Os pescadores, percebendo que aquele mortiço desconhecido poderia se afogar, partiram ao seu encontro. Sem saber o que fazer, levaram-no aonde sempre se levavam as pessoas doentes daquela aldeota: para a choça de d. Mãinha Purah.
Ela, idosa, quase cega, pequena e artrítica, mas com dons de predição, o recebeu sem espanto. Disse para deitá-lo numa tipoia no fundo do corredor escuro onde, durante duas semanas, o trataria com rezas, limparia as suas feridas e o alimentaria com legumes, caldos  e raízes.

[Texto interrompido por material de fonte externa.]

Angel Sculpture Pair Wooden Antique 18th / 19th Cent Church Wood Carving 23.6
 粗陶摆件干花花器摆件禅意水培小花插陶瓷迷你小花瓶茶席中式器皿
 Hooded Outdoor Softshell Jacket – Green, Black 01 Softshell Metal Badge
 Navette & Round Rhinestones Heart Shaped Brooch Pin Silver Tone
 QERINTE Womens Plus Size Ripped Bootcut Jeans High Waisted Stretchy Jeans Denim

Jesus melhorava a cada dia e, por todos eles, proseava longamente com a velha num telheiro ao lado de sua hortinha, no qual o ensinava a fazer meizinhas, xaropes e outras beberagens caseiras. Também aprendeu a fazer pão e acompanhava a mãinha nas visitas regulares aos doentes e idosos daquela aldeia. Foi quando Jesus tomou conhecimento da miséria daquele povo, sem saneamento básico, sem escola e assistência médica. Acompanhava e consolava as famílias quando da perda de seus anjinhos. Ouvia os reclamos sobre a exploração de atravessadores e comerciantes da vila ou da capital, que tomavam a preço de nada a sua pesca e a produção suada de rendas e redes. Revoltava-se com o abandono da comunidade e a encorajava a resistir, reconhecer e brigar pelos seus direitos. A sua resposta, quase na totalidade, era o silêncio cabal da impotência.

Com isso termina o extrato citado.